En el otro lado del péndulo del cristianismo español, la naciente
poesía protestante no tenía la condición mística de la católica ni su
encantamiento sentimental. Era más directa, clara en sus propósitos doctrinales
y, sobre todo, muy didáctica. El texto servía a la teología y se hacía teología
para declarar y escampar las verdades del Evangelio en su conjunto. No existían
otras servidumbres que no fuera deletrear las doctrinas fundamentales de la fe
reformada mediante la palabra poética. Esta dependencia teológica la hizo menos
mística, pero mucho más explicativa, aunque sin menoscabar la riqueza de la
emoción y el apasionamiento. Con todo, la protestante estaba muy distante de la
mística católica.
Sin embargo, la poética evangélica fue tema de mucho interés para los
primeros misioneros que llegaron a España tras la irrupción de la Gloriosa.
Federico Fliedner (1845-1901), pastor
alemán radicado en Madrid a partir de 1869, en una visita a San Tomé de Piñeiro
a propósito de la inauguración de la capilla evangélica de la población,
describió el ambiente protestante del canto y su criterio poético:
«¡Y hay que
ver qué magníficos himnos tenemos ahora!
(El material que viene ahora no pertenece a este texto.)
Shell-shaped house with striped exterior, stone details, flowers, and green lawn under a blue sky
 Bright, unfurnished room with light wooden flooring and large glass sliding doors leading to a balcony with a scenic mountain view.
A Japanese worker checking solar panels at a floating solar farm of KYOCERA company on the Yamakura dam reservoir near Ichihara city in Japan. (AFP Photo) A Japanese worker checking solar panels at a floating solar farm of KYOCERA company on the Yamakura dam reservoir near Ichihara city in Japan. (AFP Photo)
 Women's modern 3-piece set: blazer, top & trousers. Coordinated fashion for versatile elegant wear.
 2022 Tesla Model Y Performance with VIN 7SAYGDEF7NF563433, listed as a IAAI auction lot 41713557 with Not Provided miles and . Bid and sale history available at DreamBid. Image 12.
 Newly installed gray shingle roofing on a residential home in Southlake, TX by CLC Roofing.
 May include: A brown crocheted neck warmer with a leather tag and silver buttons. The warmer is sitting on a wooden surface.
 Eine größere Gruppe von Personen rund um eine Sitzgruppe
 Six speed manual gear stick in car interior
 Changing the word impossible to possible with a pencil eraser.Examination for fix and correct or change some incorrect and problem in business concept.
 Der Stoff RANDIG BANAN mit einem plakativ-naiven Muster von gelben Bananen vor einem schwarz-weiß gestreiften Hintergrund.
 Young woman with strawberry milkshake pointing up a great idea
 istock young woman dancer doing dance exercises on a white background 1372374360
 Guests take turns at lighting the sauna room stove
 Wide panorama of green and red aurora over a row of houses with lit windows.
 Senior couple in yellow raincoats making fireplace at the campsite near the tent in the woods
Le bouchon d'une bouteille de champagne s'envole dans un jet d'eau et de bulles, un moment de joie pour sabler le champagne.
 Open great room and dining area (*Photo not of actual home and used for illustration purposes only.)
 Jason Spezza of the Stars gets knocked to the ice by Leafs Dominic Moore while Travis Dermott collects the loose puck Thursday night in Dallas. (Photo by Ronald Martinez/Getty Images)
Si alguno de nuestra tierra [Alemania]
viniera de visita (…) podría cantar inmediatamente con ellos. Pues las dulces
melodías antiguas de los himnos alemanes, o la música de las canciones
populares cristianas, le ambientarán. Es una especial gracia de Dios que con la
traducción de nuestros hermosos cantos, por ejemplo, ‘Cabeza ensangrentada’, ‘A
la luz, a la luz’, ‘La causa es tuya, ¡oh, Salvador!’ y otros, podamos
dirigirnos al primer poeta lírico de España en la actualidad, Gaspar Nuñez de
Arce, para pedirle que mejore la traducción con un estilo poético para que
resulten verdaderas poesías en español».
El deseo de Fliedner de que Nuñez de Arce (1832-1903) mejorara la poética hímnica nunca fue satisfecho. Sin duda, quien evolucionó
la poesía desde el Romanticismo poético hacia el realismo literario habría
hecho una gran labor por su proximidad estilística. Sin embargo, un buen grupo
de misioneros y clérigos convertidos al protestantismo se empeñaron en tal empresa.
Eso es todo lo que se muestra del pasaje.